[What to do]:
Without the pictures, output the records below word for word.

---*---

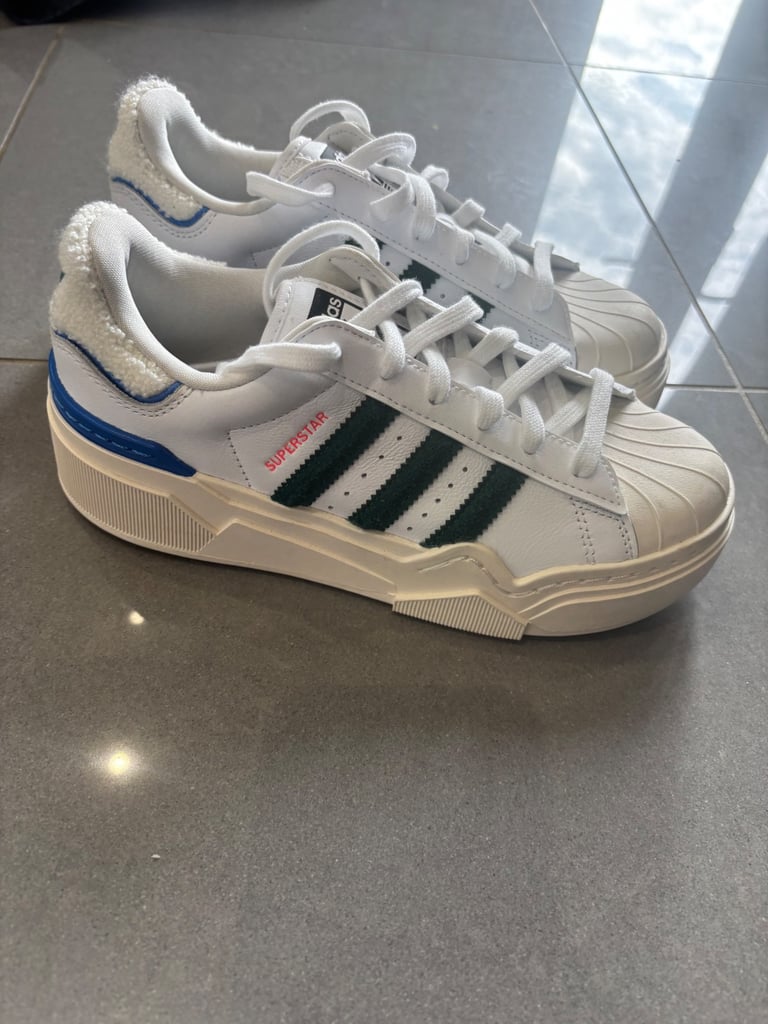 Adidas superstar size 4 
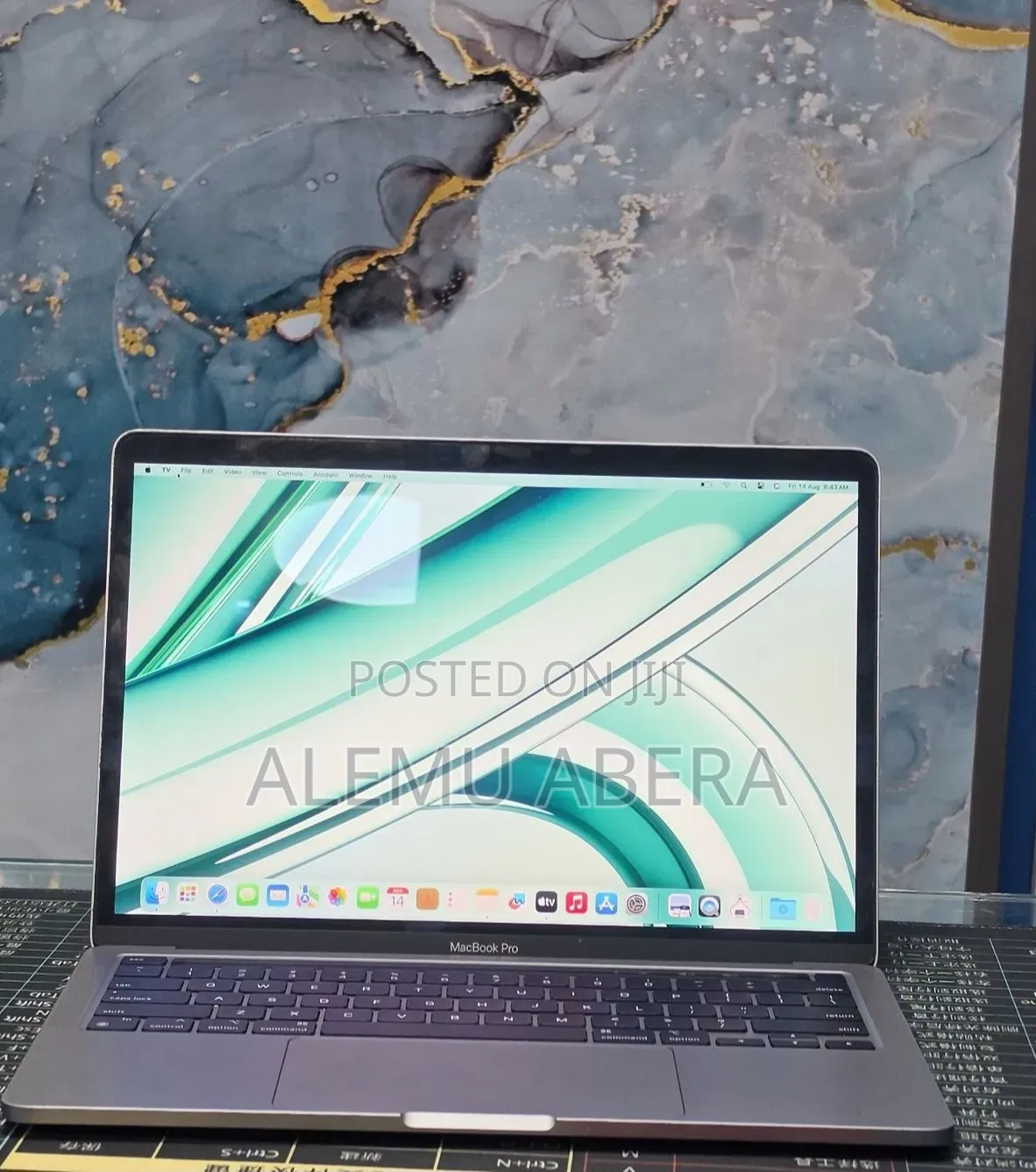 New Laptop Apple MacBook Pro 2023 M2 8GB Apple M2 SSD 256GB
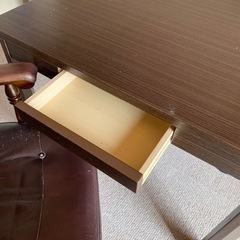 炬燵付き机と椅子のセットの画像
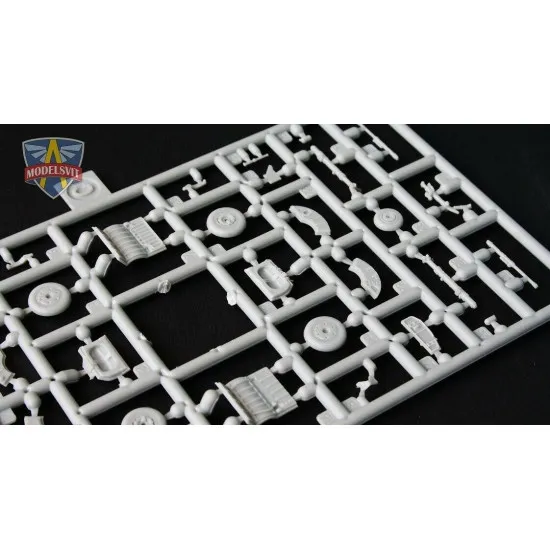 MiG-21F-13 supersonic jet fighter 1/72 ModelSvit 72042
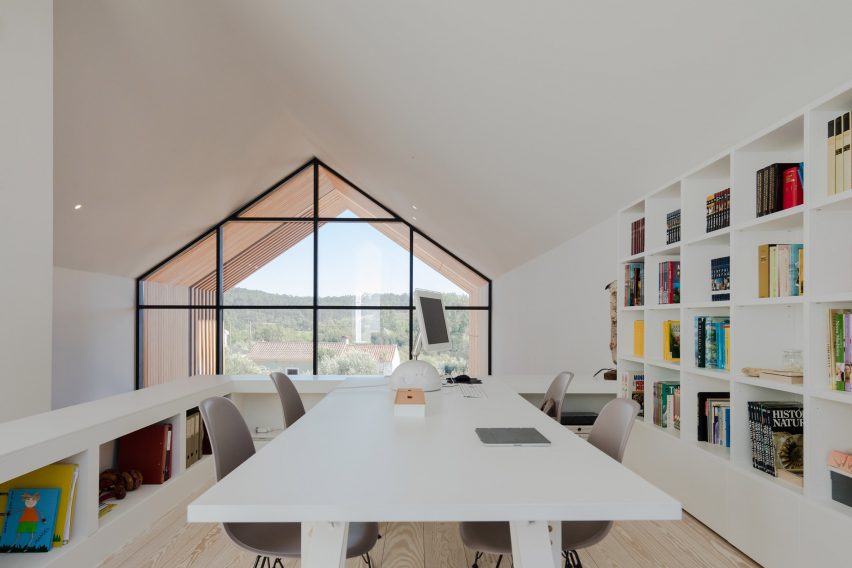House in Ourem by Filipe Saraiva Arquitectos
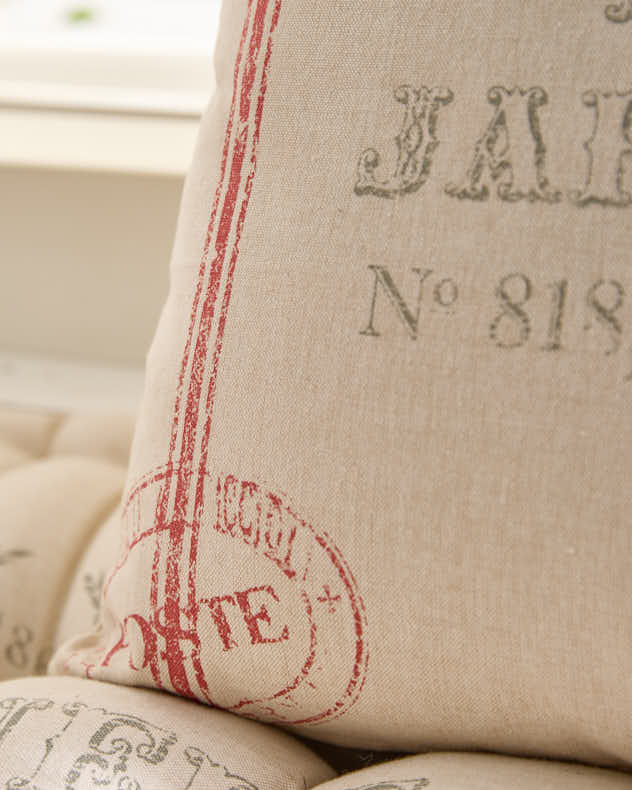 Belle Jardinere Red Scatter Cushion - Image 3
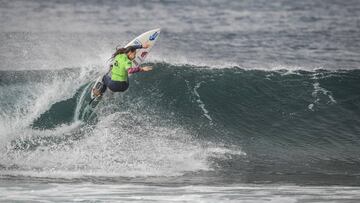 La surfista vasca Ariane Ochoa, con licra verde, durante una de sus mangas en el Cabreiroá Pro Las Américas 2020.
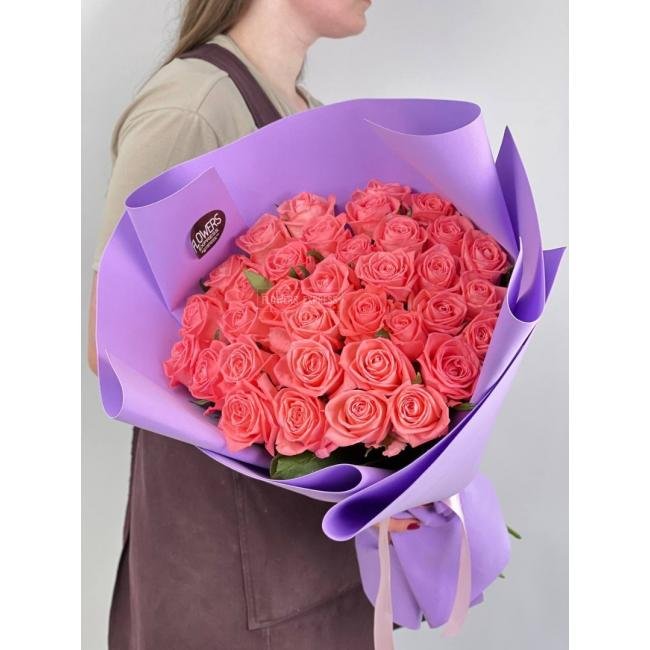 35 Розовых роз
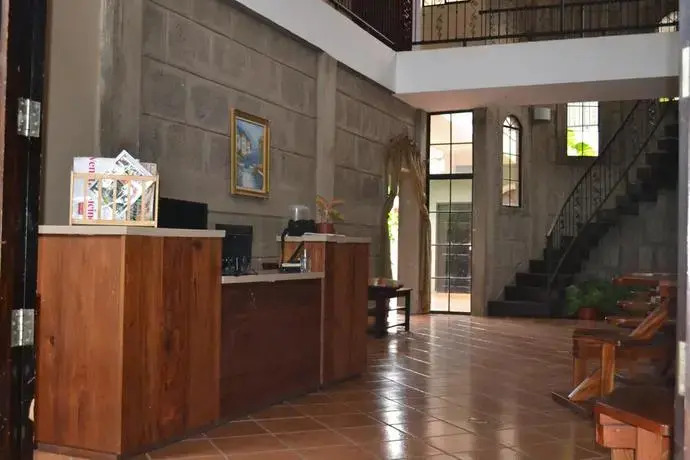 Hotel Leon Inn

---*---

[Finished exercise]:
 Adidas superstar size 4 
 New Laptop Apple MacBook Pro 2023 M2 8GB Apple M2 SSD 256GB
 炬燵付き机と椅子のセットの画像
 MiG-21F-13 supersonic jet fighter 1/72 ModelSvit 72042
House in Ourem by Filipe Saraiva Arquitectos
 Belle Jardinere Red Scatter Cushion - Image 3
 La surfista vasca Ariane Ochoa, con licra verde, durante una de sus mangas en el Cabreiroá Pro Las Américas 2020.
 35 Розовых роз
 Hotel Leon Inn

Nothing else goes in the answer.